Working with response headers in on-demand builder pages in Astro

Hey team, hope y’all are doing well!

I’m working on an Astro site here:
https://share-pear.netlify.app/

And I’m using the Netlify adapter to make pages with On-Demand Builders. The pages are made via an API call that pings the page with markdown in the headers.

Here is an example Postman request.
Here’s an example page made with said request:
https://share-pear.netlify.app/share/netexample

But, when I try to make this request from a web page, I get a CORS error:

Access to fetch at 'https://share-pear.netlify.app/share/example1234 from origin ‘http://localhost:5173’ has been blocked by CORS policy: Response to preflight request doesn’t pass access control check: No ‘Access-Control-Allow-Origin’ header is present on the requested resource. If an opaque response serves your needs, set the request’s mode to ‘no-cors’ to fetch the resource with CORS disabled.

I tried adding the headers on the share-pear side, both in the Astro configuration:

import { defineConfig } from "astro/config";
import netlify from "@astrojs/netlify/functions";

export default defineConfig({
	output: "server",
	server: {
		headers: {
			"Access-Control-Allow-Origin": "*"
		}
	},
	adapter: netlify({
		builders: true
	})
});

And also in the netlify.toml:

[[headers]]
  for = "/*"
  [headers.values]
	Access-Control-Allow-Origin = "*"

The headers appear when I run the site locally, but nothing is working with the deploy preview. Is there something I have to do to make this work with on-demand builders?

Heya Cassidy, good to see you again!

I suppose there are a couple ways to approach it. One is what Scott described in slack: use a proxy route to access these paths, so the request comes from netlify instead of from localhost or some other host:

/share/* https://share-pear.netlify.app/share/:path 200!

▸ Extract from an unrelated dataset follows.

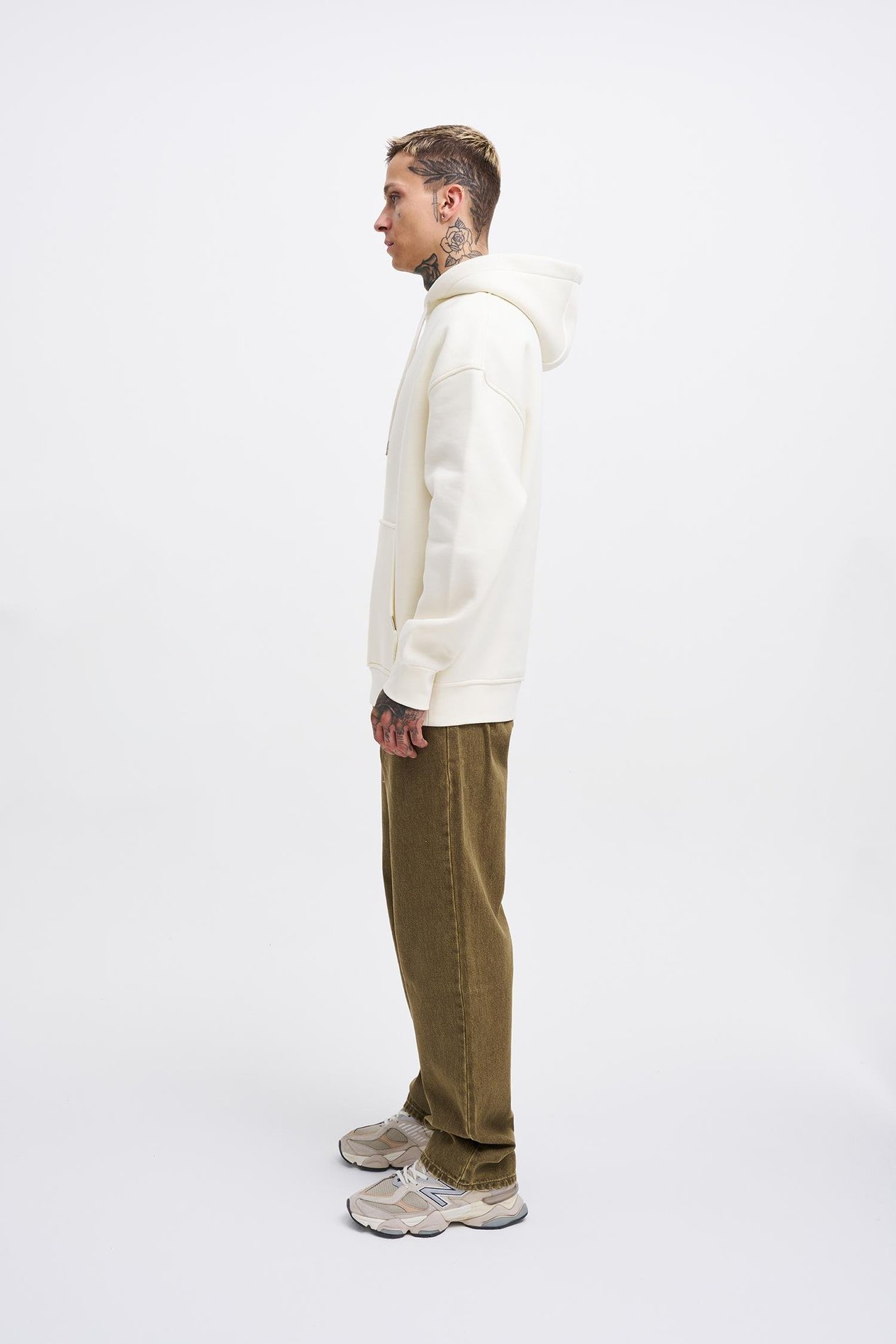 Erkek Middle Finger Baskılı Kapüşonlu Oversize Ekru Sweatshirt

The other way to approach it - potentially via custom headers - is the one you seem to be trying. Note that only the config in your lambda is going to work if a lambda serves the path - custom headers in netlify.toml are explicitly not applied to proxy’d routes such as functions!

Can you request the function directly, and see your headers (from the lambda code) being returned?

Hey Fool!

To clarify, this is not working locally nor deployed, yet. Everything’s deployed on Netlify right now (both the querying site and the on-demand builders site).

The repo itself is here for the ODB site:

There’s not an actual lambda config or function with Astro, it’s a dynamic page route that pulls in header information here:

And this is just the configuration I have:

So the custom header stuff is what I’m trying both in the netlify.toml and also in that astro.config.js in this PR with no dice with either:

If I’m understanding correctly, is there no way to update ODB headers unless you use a proxy? Or maybe I wasn’t clear?

The headers do show up properly locally with my dev server, but don’t show up once deployed, so that’s where I’m wondering if it’s a Netlify-specific configuration I need to set up.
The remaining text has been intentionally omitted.